1. Terms and Conditions. The parties agree to the following terms and conditions:
a. Client is engaging Company for personal training services to be provided by Company’s Trainer(s).
c. Trainer will create an exercise program geared to Client’s fitness level and experience in order to meet Client’s objectives.
d. Trainer will be assigned to Client by Company and is subject to change at any time. Client may request a new Trainer and Company will make every effort to accommodate if circumstances allow.
e. Client agrees to sign the attached Informed Consent and Assumption of Risk and Release of Liability.
f. Client agrees to inform Company and Trainer of any and all conditions, medical or otherwise, that may affect his/her ability to participate in Training Sessions.
2. Training Sessions. Training Sessions may include, but are not limited to, the following activities: testing of physical fitness; exercise; aerobics and aerobic conditioning; cardiovascular training; weight lifting and training; and stretching.
3. Training Package and Payments. Client may pay for Training Sessions on a per session basis at the beginning of each session. Client may pay for all of the Training Sessions upon the execution of this Contract at a discounted rate of All Training Sessions must be used within 30 days of the Effective Date of this Contract. If Client wishes to purchase additional Training Sessions, the Parties will enter into an amendment to this Contract.

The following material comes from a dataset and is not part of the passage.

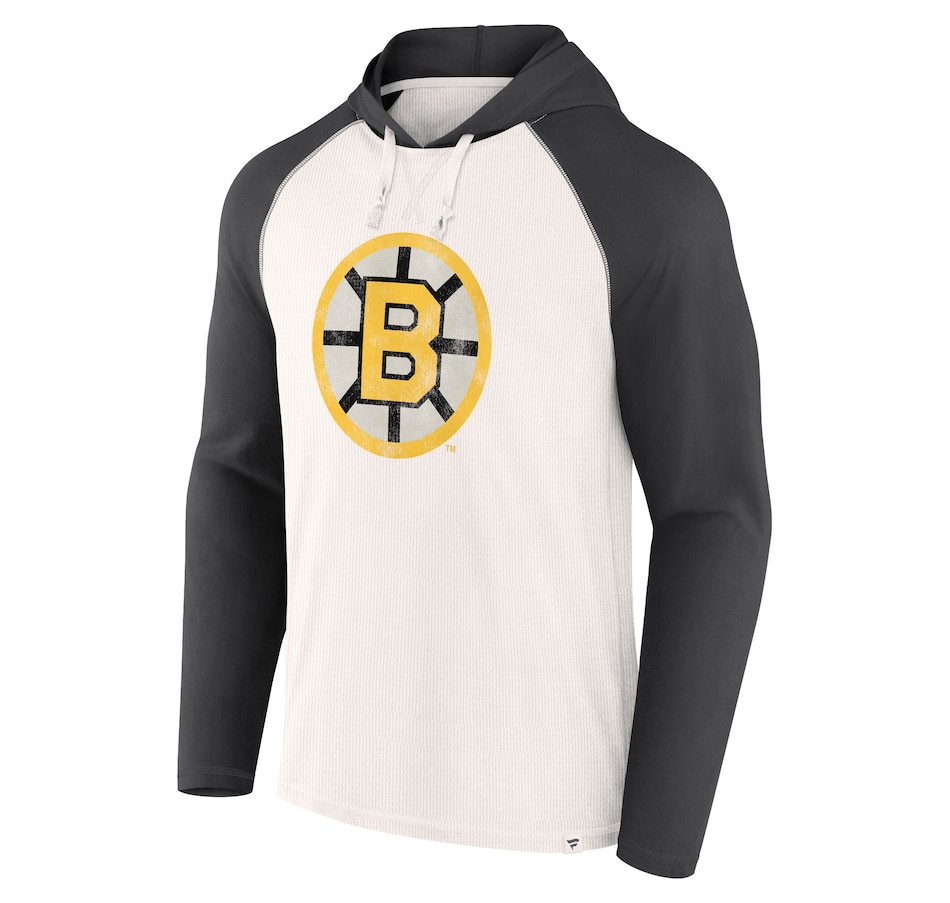 Image 709324_ALTMORE1.jpg, Product 709-324 / Price $89.99, Men's Fanatics Boston Bruins Vintage Winger Pullover Hoodie from Fanatics on TSC.ca's Sports department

4. Cancellation of Training Session. Client shall provide twenty-four (24) hour notice of any necessary cancellation of a scheduled Training Session. Failure to provide twenty-four (24) hour notice shall result in Client being charged the full rate for the cancelled/missed Training Session. Company and Trainer will endeavor to also provide Client twenty-four (24) hour notice of any scheduled Training Session that may need to be cancelled; however, there may be instances where this is not practicable.
5. Indemnity. Client agrees to indemnify and hold harmless Company and its Trainer(s) for any injuries, illnesses, and the like experienced as the result of Client’s Training Sessions.
6. Termination. Either Party may terminate this Contract upon thirty (30) days prior written notice to the other party. In the event of termination by either Party, Company shall refund Client all monies paid for any unused Training Sessions.
7. Warranties. While Company and its Trainer(s) fully believe exercise, specifically exercised personalized to Client, is beneficial to Client’s health and wellness, Company and its Trainer(s) cannot guarantee the results of Training Sessions. Company and its Trainer’s make no representations and/or warranties that Client will lose weight, gain muscle mass, be able to engage in any specific physical and/or athletic activity, or will attain any other particular and/or specific results. Company and its Trainer(s) strongly encourage Client to follow a healthy diet in conjunction with personal training and continued exercise.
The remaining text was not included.